We'll use a **synthetic cricket player performance dataset** and a **ticket pricing dataset** (from our hands-on project pack).

In [None]:
import pandas as pd
# Load sample datasets
player_df = pd.read_csv('cricket_t20_player_performance.csv')
ticket_df = pd.read_csv('ticket_sales_dynamic_pricing.csv')
player_df.head()

## Step 1: Build a Simple Predictive Model
We'll train a regression model to predict runs scored using player form and context, then interpret the results.

In [None]:
from sklearn.model_selection import train_test_split
from sklearn.linear_model import LinearRegression
from sklearn.preprocessing import OneHotEncoder
from sklearn.compose import ColumnTransformer
from sklearn.pipeline import Pipeline
from sklearn.metrics import mean_absolute_error, r2_score
import numpy as np

X = player_df.drop(columns=['runs_scored','match_id'])
y = player_df['runs_scored']
num_cols = X.select_dtypes(include=[np.number]).columns.tolist()
cat_cols = X.select_dtypes(exclude=[np.number]).columns.tolist()
pre = ColumnTransformer([
    ('cat', OneHotEncoder(handle_unknown='ignore'), cat_cols)
], remainder='passthrough')

X_tr, X_te, y_tr, y_te = train_test_split(X, y, test_size=0.2, random_state=42)

model = Pipeline([('pre', pre), ('reg', LinearRegression())])
model.fit(X_tr, y_tr)
pred = model.predict(X_te)
mae = mean_absolute_error(y_te, pred)
r2 = r2_score(y_te, pred)
print({'MAE':mae, 'R2':r2})

### Interpretation:
- **MAE** tells us on average how far our predictions are from the true runs scored.
- **R²** shows how much variance in runs scored we can explain with our model.
- We can use this to inform **selection decisions**: players predicted to score above a certain threshold should stay in the lineup.

## Step 2: Turn Predictions into Decisions
Let's make a small decision table for 5 random players.

In [None]:
sample = X_te.sample(5, random_state=42)
sample_pred = model.predict(sample)
decision_table = sample.copy()
decision_table['predicted_runs'] = np.round(sample_pred, 1)
decision_table['recommendation'] = ['Retain' if r>35 else 'Rotate' for r in decision_table['predicted_runs']]
decision_table

### Communication:
Instead of saying *'The model predicted 42.3 runs'*, communicate in **actionable language**:

- "Player is likely to score **40+ runs** next match → retain in starting XI."
- "Player is likely to underperform (<30 runs) → consider rotating or giving rest."

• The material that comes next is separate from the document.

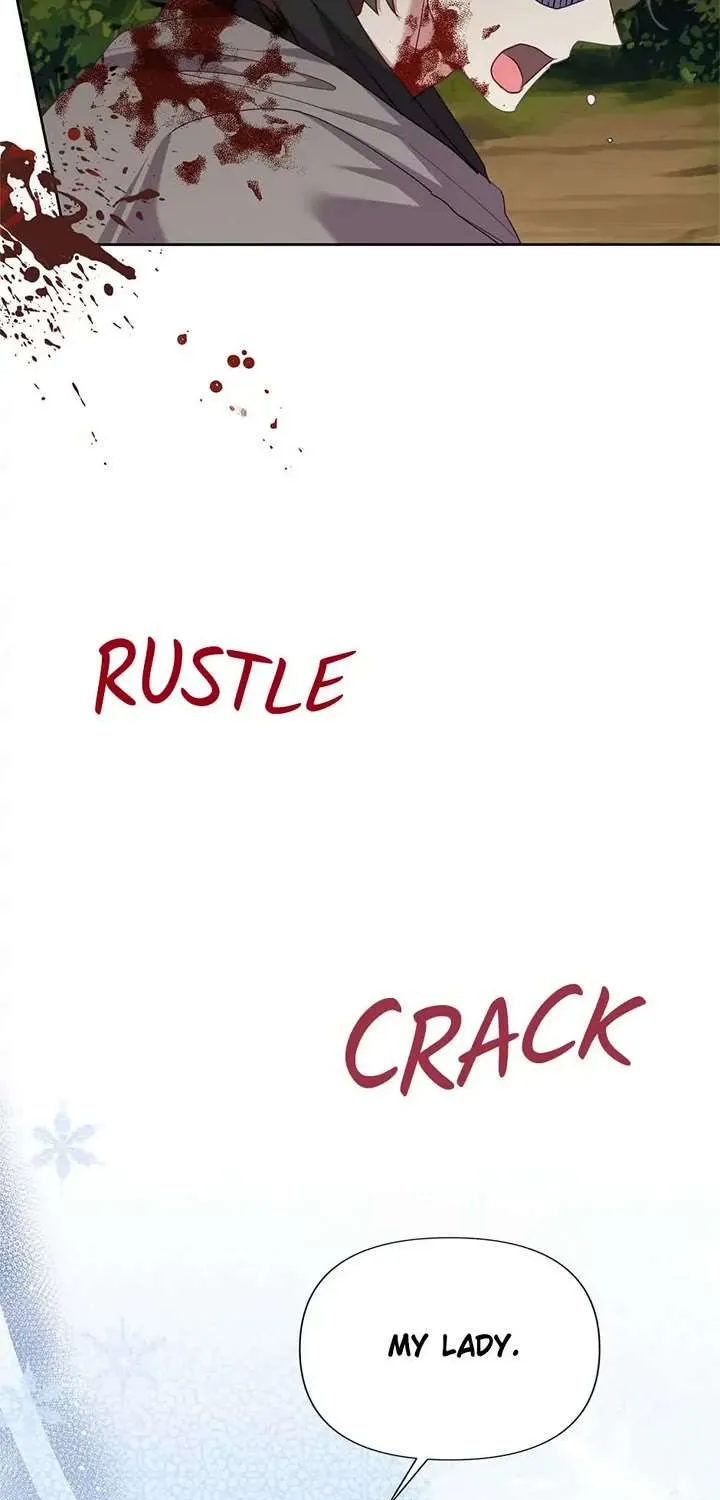 Another Happy Day For The Villainess Chapter 76 page 29 -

## Step 3: Business Insight Example – Ticket Pricing
We'll group data by price bands and visualize average tickets sold to find the sweet spot.

In [None]:
import matplotlib.pyplot as plt
ticket_df['price_band'] = pd.cut(ticket_df['price'], bins=[0,300,400,500,600,1000])
band_stats = ticket_df.groupby('price_band')['tickets_sold'].mean()
band_stats.plot(kind='bar', title='Avg Tickets Sold by Price Band')
plt.ylabel('Average Tickets Sold')
plt.show()
band_stats

### Interpretation & Recommendation:
- Identify the price band where **revenue = price × tickets sold** is maximized.
- Communicate as:
  > "Our analysis shows setting price around ₹450 yields the highest revenue, even though slightly fewer tickets are sold compared to cheaper bands."

## Key Takeaways
- **Interpretation:** Convert raw predictions into meaningful business/performance insights.
- **Communication:** Use clear language, visuals, and actionable recommendations.
- **Decision-Making:** Always link your insight to a specific action for coaches, managers, or stakeholders.